**How to complete this task:** Output exactly, with nothing added, the entries from the first line through the line with "แผ่นผ้าอนามัยแบบมีปีกดูดซับ25ซม. จากญี่ปุ่น17ชิ้น X".

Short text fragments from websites
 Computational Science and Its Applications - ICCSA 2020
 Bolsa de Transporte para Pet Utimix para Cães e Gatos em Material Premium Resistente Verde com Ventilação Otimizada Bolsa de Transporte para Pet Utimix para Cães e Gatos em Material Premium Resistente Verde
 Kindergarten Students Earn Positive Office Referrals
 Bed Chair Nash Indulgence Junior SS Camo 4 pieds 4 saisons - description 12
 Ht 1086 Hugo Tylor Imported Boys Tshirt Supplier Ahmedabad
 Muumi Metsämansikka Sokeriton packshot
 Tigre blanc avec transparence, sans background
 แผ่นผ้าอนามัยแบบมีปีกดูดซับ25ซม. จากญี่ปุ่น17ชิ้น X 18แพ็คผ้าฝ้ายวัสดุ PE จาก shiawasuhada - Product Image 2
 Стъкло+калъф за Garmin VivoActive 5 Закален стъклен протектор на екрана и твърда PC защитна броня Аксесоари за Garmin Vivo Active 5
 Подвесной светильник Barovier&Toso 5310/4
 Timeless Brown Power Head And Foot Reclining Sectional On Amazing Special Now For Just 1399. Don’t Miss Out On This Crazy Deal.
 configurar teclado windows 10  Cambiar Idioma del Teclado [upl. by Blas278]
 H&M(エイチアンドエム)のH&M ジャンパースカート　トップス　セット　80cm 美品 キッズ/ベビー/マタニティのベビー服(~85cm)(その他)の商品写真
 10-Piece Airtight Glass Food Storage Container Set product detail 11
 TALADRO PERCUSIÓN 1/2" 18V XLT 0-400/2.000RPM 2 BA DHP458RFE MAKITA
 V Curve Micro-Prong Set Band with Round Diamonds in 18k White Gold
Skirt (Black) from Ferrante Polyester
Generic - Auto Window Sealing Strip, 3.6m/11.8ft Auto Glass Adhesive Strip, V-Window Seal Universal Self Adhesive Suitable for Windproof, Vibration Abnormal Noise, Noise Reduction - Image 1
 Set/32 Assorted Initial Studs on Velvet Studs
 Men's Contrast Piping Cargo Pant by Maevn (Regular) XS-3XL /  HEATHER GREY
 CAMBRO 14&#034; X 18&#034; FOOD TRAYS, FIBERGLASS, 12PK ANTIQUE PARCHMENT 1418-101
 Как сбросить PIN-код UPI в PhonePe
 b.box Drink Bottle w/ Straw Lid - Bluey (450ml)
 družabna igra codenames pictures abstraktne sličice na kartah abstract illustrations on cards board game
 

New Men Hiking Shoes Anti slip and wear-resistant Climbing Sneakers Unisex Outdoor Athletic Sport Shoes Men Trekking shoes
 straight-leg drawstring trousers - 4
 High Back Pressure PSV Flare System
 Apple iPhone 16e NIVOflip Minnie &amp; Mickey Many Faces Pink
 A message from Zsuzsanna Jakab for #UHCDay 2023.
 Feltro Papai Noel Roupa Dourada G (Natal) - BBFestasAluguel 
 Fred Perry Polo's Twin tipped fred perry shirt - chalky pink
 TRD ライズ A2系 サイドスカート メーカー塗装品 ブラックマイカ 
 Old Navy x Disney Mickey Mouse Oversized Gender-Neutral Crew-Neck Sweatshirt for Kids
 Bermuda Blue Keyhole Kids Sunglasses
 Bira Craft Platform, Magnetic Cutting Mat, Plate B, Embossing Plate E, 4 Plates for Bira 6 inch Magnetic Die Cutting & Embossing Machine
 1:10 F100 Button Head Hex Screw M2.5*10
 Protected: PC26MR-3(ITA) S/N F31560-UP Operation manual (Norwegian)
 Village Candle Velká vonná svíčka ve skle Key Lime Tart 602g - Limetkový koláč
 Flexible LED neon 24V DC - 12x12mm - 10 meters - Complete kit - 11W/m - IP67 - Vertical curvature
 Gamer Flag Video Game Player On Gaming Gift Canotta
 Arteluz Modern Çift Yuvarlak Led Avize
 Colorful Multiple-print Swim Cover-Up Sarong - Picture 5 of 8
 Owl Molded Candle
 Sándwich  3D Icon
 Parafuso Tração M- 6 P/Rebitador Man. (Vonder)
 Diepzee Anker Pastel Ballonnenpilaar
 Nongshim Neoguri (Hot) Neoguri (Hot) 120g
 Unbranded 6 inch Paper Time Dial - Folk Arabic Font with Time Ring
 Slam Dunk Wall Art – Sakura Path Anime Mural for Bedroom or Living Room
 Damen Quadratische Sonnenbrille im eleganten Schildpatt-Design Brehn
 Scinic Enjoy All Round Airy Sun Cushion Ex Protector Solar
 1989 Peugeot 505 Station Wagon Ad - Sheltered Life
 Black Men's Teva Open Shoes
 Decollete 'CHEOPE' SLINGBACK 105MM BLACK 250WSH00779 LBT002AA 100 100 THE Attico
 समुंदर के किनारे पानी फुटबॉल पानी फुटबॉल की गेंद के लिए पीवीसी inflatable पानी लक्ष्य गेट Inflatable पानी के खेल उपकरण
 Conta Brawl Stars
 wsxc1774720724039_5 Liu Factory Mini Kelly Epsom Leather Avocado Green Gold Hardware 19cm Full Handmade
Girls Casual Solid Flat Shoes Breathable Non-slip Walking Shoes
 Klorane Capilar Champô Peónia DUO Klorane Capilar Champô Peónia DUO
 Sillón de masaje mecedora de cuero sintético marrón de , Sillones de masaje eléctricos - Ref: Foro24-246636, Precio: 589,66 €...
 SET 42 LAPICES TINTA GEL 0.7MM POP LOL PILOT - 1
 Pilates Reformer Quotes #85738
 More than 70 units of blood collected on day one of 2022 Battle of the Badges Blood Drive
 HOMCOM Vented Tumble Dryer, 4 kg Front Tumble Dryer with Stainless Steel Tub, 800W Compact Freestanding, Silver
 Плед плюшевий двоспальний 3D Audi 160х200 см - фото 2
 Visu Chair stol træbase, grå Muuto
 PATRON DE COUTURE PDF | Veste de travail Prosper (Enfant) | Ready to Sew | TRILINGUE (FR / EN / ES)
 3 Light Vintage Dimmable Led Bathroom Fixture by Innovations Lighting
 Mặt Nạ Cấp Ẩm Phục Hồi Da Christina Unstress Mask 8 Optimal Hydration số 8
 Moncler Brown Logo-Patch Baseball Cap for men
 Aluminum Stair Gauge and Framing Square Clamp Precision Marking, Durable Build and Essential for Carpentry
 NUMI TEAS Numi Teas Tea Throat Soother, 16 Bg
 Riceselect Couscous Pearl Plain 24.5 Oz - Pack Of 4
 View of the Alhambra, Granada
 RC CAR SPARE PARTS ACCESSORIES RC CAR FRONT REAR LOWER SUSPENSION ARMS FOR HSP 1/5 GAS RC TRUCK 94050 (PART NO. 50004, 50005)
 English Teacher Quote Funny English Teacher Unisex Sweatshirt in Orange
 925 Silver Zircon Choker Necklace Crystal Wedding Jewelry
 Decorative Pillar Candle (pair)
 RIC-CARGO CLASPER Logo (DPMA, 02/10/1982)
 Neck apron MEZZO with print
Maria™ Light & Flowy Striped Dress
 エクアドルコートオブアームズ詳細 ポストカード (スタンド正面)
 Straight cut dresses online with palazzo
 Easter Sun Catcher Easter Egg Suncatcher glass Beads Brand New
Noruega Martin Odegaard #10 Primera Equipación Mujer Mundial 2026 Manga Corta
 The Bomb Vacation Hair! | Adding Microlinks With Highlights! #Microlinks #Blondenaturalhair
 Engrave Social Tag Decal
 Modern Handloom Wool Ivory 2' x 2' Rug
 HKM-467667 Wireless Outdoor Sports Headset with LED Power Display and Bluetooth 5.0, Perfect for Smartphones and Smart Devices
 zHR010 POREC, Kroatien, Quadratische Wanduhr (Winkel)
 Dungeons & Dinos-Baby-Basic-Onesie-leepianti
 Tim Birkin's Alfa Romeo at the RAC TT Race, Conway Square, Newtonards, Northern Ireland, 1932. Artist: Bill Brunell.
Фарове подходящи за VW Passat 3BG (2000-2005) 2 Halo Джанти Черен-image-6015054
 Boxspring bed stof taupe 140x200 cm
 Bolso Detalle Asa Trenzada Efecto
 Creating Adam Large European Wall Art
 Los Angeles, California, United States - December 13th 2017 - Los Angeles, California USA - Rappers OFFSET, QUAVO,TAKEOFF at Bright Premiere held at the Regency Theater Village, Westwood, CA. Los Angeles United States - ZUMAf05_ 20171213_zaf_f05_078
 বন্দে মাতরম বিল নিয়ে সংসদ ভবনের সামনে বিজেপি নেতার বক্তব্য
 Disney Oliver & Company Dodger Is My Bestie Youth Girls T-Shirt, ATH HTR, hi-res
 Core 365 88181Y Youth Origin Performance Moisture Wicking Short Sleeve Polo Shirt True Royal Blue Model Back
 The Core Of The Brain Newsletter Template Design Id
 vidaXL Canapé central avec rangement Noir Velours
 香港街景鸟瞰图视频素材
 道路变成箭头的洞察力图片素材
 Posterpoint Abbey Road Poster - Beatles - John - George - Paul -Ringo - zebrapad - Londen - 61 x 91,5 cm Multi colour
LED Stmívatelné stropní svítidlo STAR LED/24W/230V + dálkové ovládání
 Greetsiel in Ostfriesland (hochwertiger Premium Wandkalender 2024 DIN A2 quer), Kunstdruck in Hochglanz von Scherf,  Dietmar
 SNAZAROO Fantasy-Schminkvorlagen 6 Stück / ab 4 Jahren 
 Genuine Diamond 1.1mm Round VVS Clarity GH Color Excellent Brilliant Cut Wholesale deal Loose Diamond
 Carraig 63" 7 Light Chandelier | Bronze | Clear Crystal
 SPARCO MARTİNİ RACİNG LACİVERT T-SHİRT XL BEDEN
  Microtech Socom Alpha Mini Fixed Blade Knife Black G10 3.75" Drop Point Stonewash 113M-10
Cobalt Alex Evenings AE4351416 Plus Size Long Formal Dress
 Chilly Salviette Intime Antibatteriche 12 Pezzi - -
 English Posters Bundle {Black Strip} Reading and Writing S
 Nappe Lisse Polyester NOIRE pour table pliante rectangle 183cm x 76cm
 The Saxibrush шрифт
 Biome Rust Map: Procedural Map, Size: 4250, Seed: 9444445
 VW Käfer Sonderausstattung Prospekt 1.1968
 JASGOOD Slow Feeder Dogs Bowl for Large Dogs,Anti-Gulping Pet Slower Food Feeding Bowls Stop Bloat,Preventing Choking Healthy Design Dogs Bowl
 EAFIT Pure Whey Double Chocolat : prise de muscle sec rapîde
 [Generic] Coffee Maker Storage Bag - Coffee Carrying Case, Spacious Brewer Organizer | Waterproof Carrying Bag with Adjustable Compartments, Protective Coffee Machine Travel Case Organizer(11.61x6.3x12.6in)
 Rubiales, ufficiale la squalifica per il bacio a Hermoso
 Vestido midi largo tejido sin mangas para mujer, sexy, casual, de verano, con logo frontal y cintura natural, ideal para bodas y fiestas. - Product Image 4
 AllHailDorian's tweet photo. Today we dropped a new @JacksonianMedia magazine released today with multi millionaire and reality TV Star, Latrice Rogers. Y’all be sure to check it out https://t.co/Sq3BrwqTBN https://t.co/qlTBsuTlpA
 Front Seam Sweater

**Answer to this task:**
 Computational Science and Its Applications - ICCSA 2020
 Bolsa de Transporte para Pet Utimix para Cães e Gatos em Material Premium Resistente Verde com Ventilação Otimizada Bolsa de Transporte para Pet Utimix para Cães e Gatos em Material Premium Resistente Verde
 Kindergarten Students Earn Positive Office Referrals
 Bed Chair Nash Indulgence Junior SS Camo 4 pieds 4 saisons - description 12
 Ht 1086 Hugo Tylor Imported Boys Tshirt Supplier Ahmedabad
 Muumi Metsämansikka Sokeriton packshot
 Tigre blanc avec transparence, sans background
 แผ่นผ้าอนามัยแบบมีปีกดูดซับ25ซม. จากญี่ปุ่น17ชิ้น X 18แพ็คผ้าฝ้ายวัสดุ PE จาก shiawasuhada - Product Image 2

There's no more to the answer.